AF has a population prevalence of about 2% and has been shown to have continually increasing incidence and prevalence.[1] AF is an independent risk factor for ischemic stroke and thromboembolic events, with about 20% of all ischemic strokes being associated with AF.[2] Oral anticoagulants are the standard for the prevention of ischemic stroke in AF; however, anticoagulation carries its own risk of major bleeding.

Evidence suggests that in patients with nonvalvular AF, >90% of thrombi originate in the LAA.[3] The effectiveness of LAA occlusion on stroke reduction has become well established with multiple studies demonstrating reduction of cardioembolic risk with LAA occlusion.[4] In patients with AF and contraindications for long-term anticoagulation, LAA occlusion has emerged as an attractive management option.

The Atriclip was demonstrated in a multicenter trial to be safe for LAA occlusion during open cardiac surgery.[5] Minimally invasive LAA ligation through video-assisted thoracoscopy has been gaining popularity as cardiopulmonary bypass is not required and sternotomy can be avoided in favor of smaller incisions.
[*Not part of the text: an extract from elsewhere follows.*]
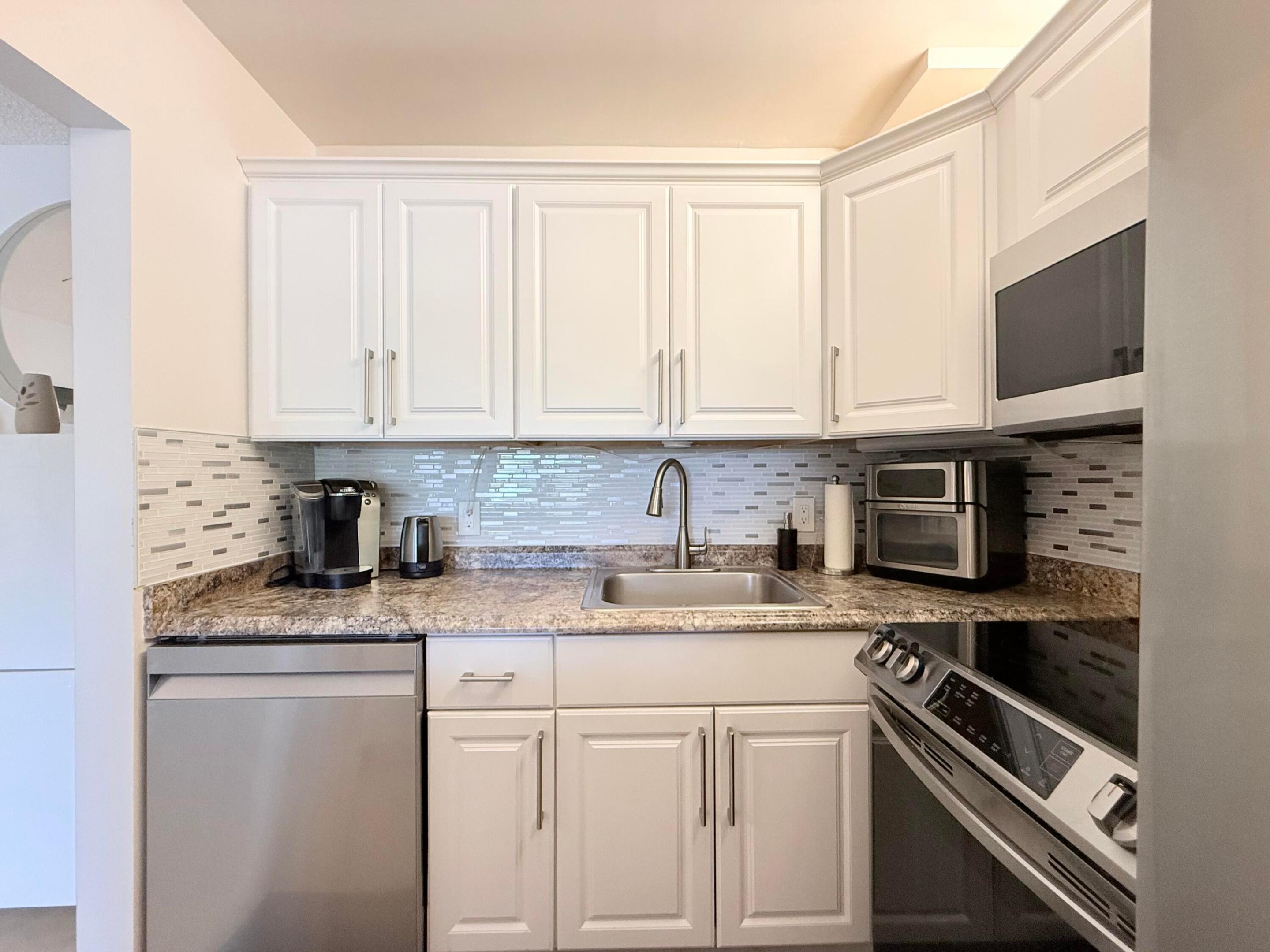 172 Tilford I Property Photo 16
Discontinuation of oral anticoagulants is the main motivator for the procedure, though it also may reduce the recurrence of AF.[6] Complications with LAA ligation include those resulting from incomplete seal from either device malposition or dislodgment as well as surgical complications such as tearing or damage to the LAA or other structures.
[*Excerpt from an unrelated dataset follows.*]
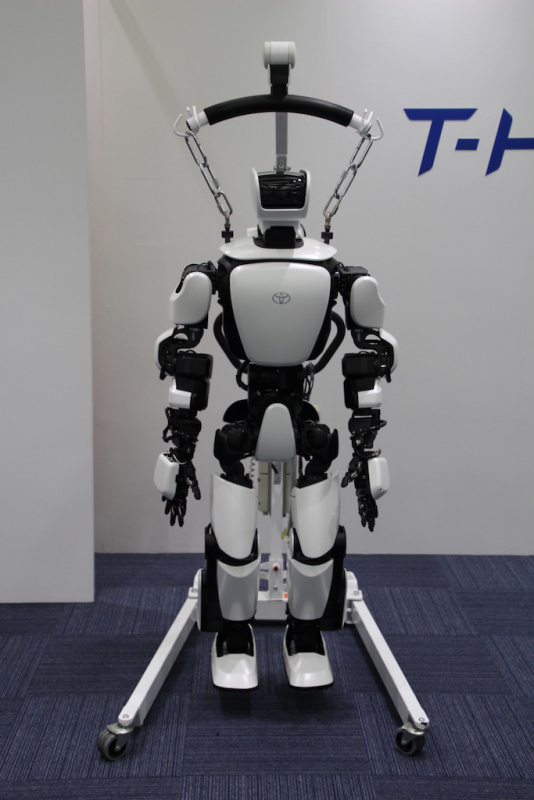 「トヨタ自動車が提供する「バーチャルな移動」で活躍するヒューマノイドロボット「T-HR3」とは？【 東京2020オリンピック・パラリンピック競技大会】」の6枚目の画像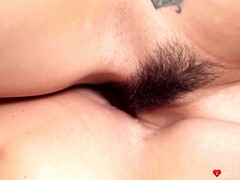 Cul, Chambre à dormir, Tchèque, Poilue, Lesbienne, Léchez, Seins naturels, Piercing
Intraoperative TEE plays a pivotal role in LAA occlusion procedures for establishing the appendage is free of thrombus and assessing for any potential concerns that may impact anesthetic and surgical management. Deployment of the clip should be visualized in real-time, and assessment to determine the adequacy of compression and exclusion of the appendage are then undertaken. TEE is useful for the assessment of the left circumflex artery and its myocardial territory for evidence of damage of occlusion of flow. TEE is also vital for ruling out damage to other structures, tamponade, or bleeding into the thorax. With suboptimal mid-esophageal views due to abnormal myocardial axis, atrial anatomy, or prosthetic mitral or aortic valves, utilizing an alternate approach to imaging the LAA as was done in this case could be invaluable to the success of the procedure.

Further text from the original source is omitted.